## Fill cache

This notebook extracts the results from the transfer experiments (the results must be stored according to `MML` configuration) and computes the task distances (based on the features extracted and placed inside the `data` folder).

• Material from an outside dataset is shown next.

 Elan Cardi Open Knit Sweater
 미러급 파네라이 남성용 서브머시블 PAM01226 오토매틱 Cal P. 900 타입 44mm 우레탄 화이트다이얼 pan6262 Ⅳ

The extracted results and computed distances are placed inside the `cache` folder and shared with this repository. All following transferability evaluations are only based on the `cache`. The extraction process will also aggregate the GPU time.

In [1]:
import mml.interactive
mml.interactive.init()

from mml_tf.experiments import load_arch_experiment, load_augmentation_experiment, load_baseline_experiment, \
    load_multi_task_experiment, load_pretrain_experiment, GPU_TIME, METRICS, EXPERIMENTS
from mml_tf.aggregate import AggregateStrategy
import copy
from rich.progress import track
import numpy as np

  @torch.cuda.amp.custom_fwd(cast_inputs=torch.float32)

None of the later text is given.